One of those contributions, a $5,000 gift to Corker’s leadership PAC on September 20, 2013, came just a week after Corker held a public hearing to nudge TVA towards selling the Bellefonte plant, a move Haney had been pressing for months.

He was also giving heavily to Gov. Bentley. Haney donated about $300,000 to his campaigns through 2016. When TVA solicited public comments on the potential sale of the Bellefonte plant early last year, Bentley lined up to support it, along with Sen. Shelby, another recipient of Haney’s financial largesse.

His donation to the Trump inauguration came as Haney shifted his focus from acquisition to profit. Now that he has a lock on the Bellefonte plant, Haney is looking to expand and exploit federal incentives for nuclear power production.

Two weeks after TVA approved the Bellefonte sale, Nuclear Development LLC hired a pair of high-powered Washington lobbyists: former Clinton White House officials Harold Ickes and Janice Enright. They brought on lobbyists with another firm, Peck Madigan Jones, including the former chief of staff to Sen. Tom Carper, the top Democrat on the Environment and Public Works Committee.

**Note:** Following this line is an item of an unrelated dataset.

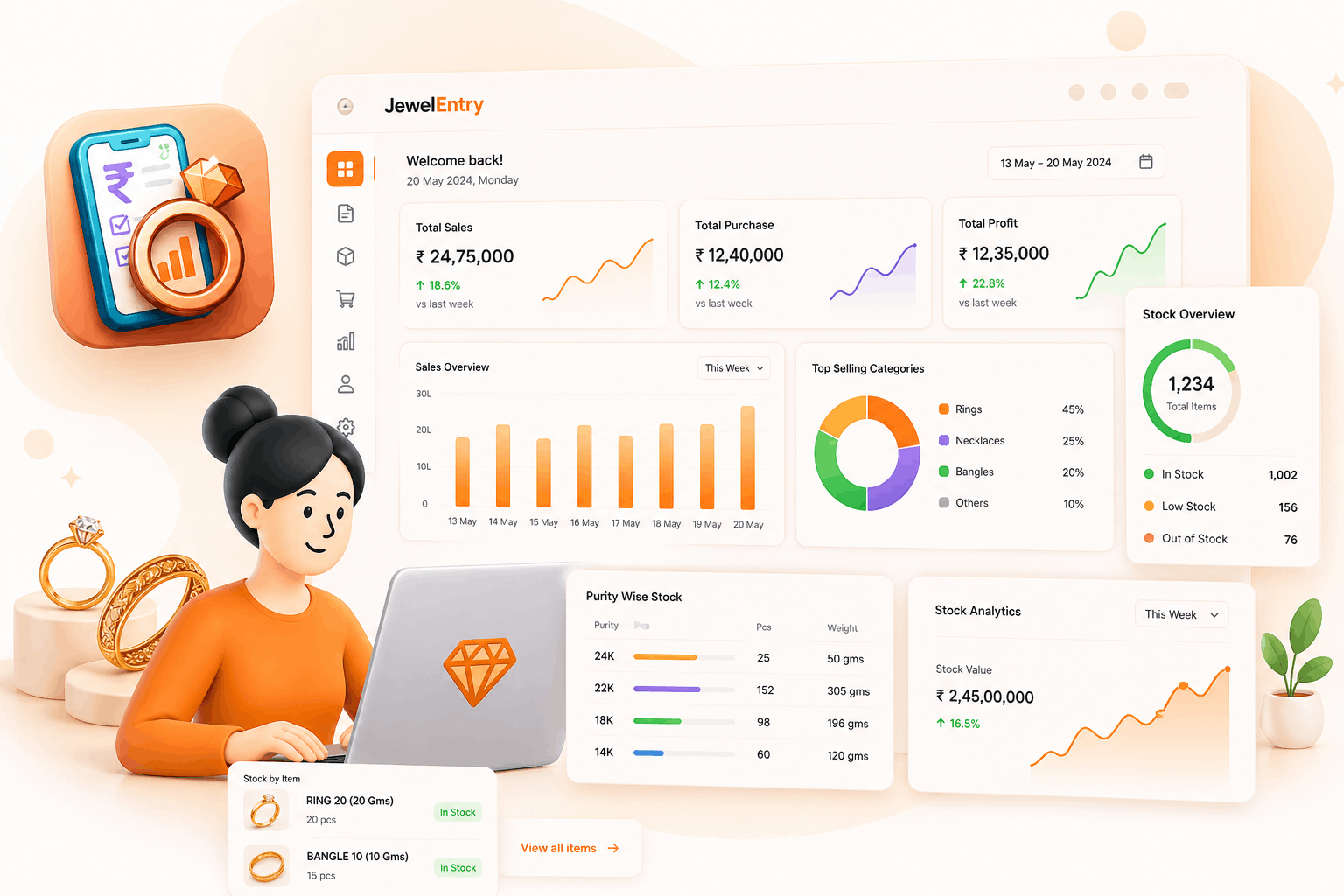 JewelEntry — jewellery business ERP dashboard showing inventory, billing and GST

Nuclear Development paid the two firms a combined $60,000 through the end of last year to lobby Congress and the Treasury Department on tax incentives for nuclear energy production. One of those tax credits is worth an estimated $6 billion to the nuclear power industry.

With the administration and congressional Republicans eyeing a push for comprehensive tax reform, Nuclear Development’s lobbyists will have a chance to earn their keep as the nuclear industry tries to preserve its federal tax incentives.

For Haney, being in the president’s good graces can only help. And a seven-figure contribution to a ceremony devoted entirely to exalting the new president was a good place to start.